Go to commentsJak naprawdę było i jak naprawdę jest - niewiemy
Text 49 of 250 from volume: Znak czasu
Author
Genrehistory
Formarticle / essay
Date added2015-07-20
Linguistic correctness
- no ratings -
Text quality
- no ratings -
Views3322

Tekst jest moim komentarzem do wypowiedzi o ,, judeo - sataniźmie` Gawrońskiego  . Rzecz wydaje się nieprawdopodobna i mało realna - jednak nie neguję tej tezy gdyż nie mogę wypowiedzieć się na podstawie własnego ,, mi tak się wydaje ` . Własne widzimisie jest hamulcem myślowym i przeciwnościa logiki oraz analizy.


Ja już żadnych sensacji nie uznaję za niemożliwe - tyle razy już się przekonałem mówiąc  --,, A JEDNAK TO PRAWDA ! `

Np. kiedyś wyśmiewano porwania dzieci chrześcijańskich - po latach uznałem to za możliwe i jak najbardziej realne. - W dawnych czasach często zakładano przymierze między ludźmi -,, ty mnie nie zdradzisz i ja cię nie zdradzę ` By scementować taki układ to np. nacinano dłoń do krwi i tak witano jako akt wiecznego pojednania ITP. Tylko że to nie zawsze było skuteczne - a najbardziej skutecznym pojednaniem- do teraz jest wspólnota zbrodni - dobry przykład postkomuna UB, WSI itp. Więc w dawnych czasach co mogło stać się takim gwarantem ,, lojalności na wieki `? - to był mord dziecka - właśnie tak - nikt z biorących udział nie zdradzi - na pewno.

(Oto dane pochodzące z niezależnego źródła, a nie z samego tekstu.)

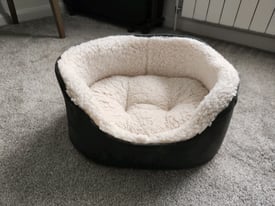 Cat or small dog soft fur bed.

Dodam tylko że w statystykach przedwojennych ( są gdzieś na Internecie ) Żydzi górowali we wszystkich rodzajach przestępczości - a najbardziej w przestępstwach -politycznych, gospodarczych i sutenerstwie. Kryminalnie też górowali choć nie tak wyraźnie - jednak wiedli prym w morderstwach na zlecenie..... RP przejęła po caracie caly system żydowskich ( prawie tylko ) burdeli oraz zorganizowaną przestępczość handlu ludźmi . To był wywóz kobiet i dzieci do ameryki jako niewolnicy by spłacali tam lichwę swą lub swej rodziny. Taką kobietę uratował znany nam Wokulski - Polacy poradzili w II RP z tą patologią lecz nie zlikwidowali szefów. Założyć należy że tu zaczyna się tamtejsza ( 1920 – 1928 ) nagonka w Ameryce na Polaków rozpuszczana przez żydowskich mafiosów pozbawionych ogromnych wpływów.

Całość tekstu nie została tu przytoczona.